__DATA FOR THIS EXERCISE__.
=====

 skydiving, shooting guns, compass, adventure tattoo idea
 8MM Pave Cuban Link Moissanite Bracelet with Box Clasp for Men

=====

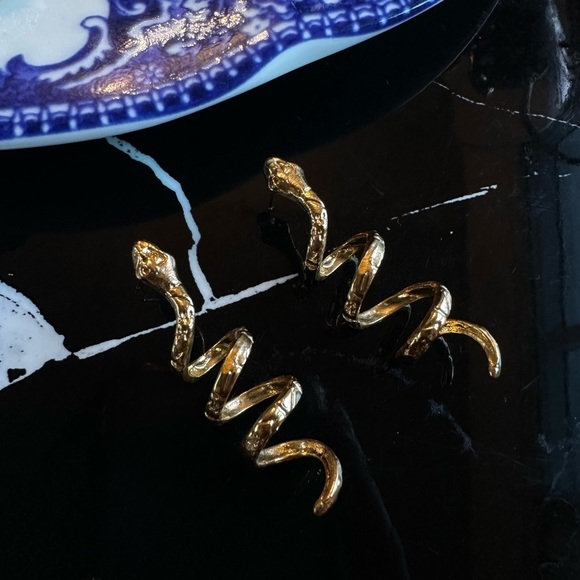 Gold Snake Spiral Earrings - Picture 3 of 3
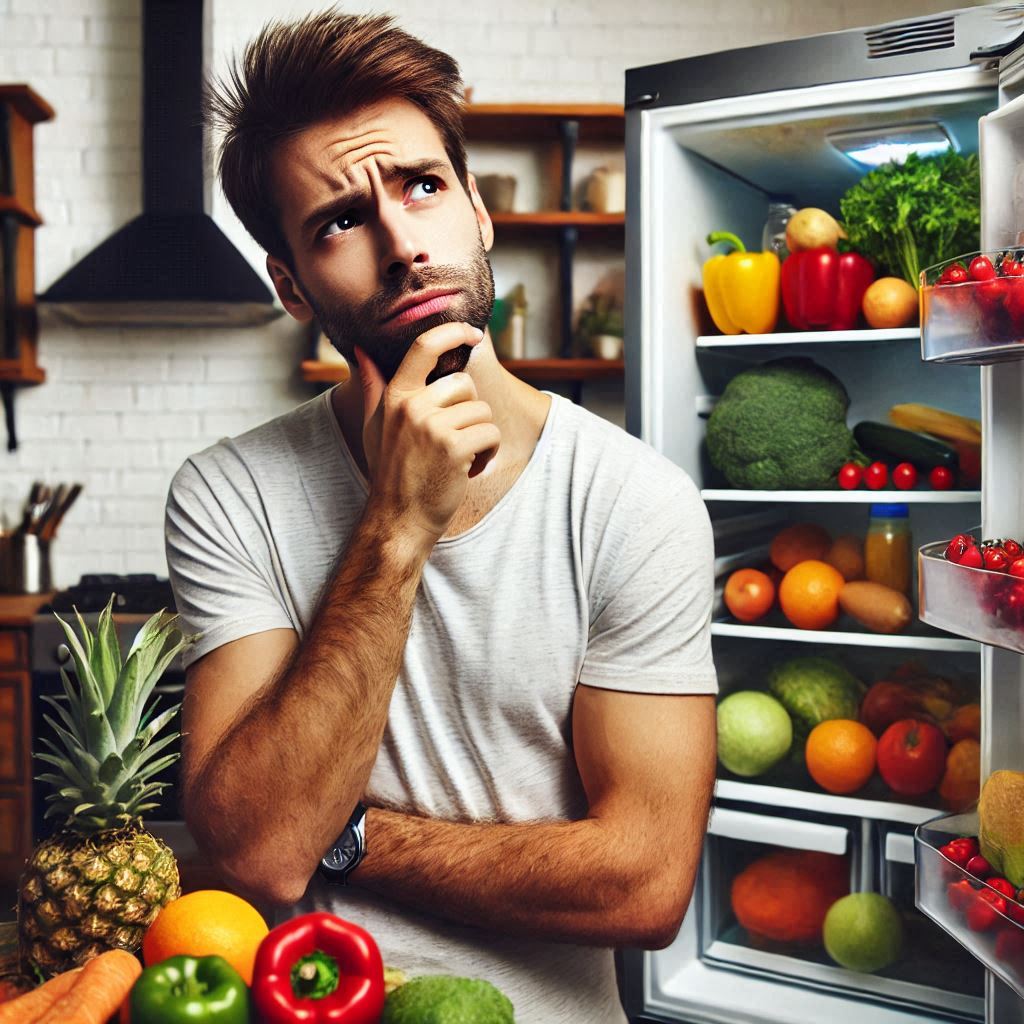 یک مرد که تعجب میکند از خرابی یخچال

=====

__ASSIGNED TASK__. Send back an exact copy of only the lines from the line with "skydiving, shooting guns, compass, adventure" up to and including the line with "8MM Pave Cuban" in the data above.

__RESPONSE TO THE EXERCISE__.
 skydiving, shooting guns, compass, adventure tattoo idea
 8MM Pave Cuban Link Moissanite Bracelet with Box Clasp for Men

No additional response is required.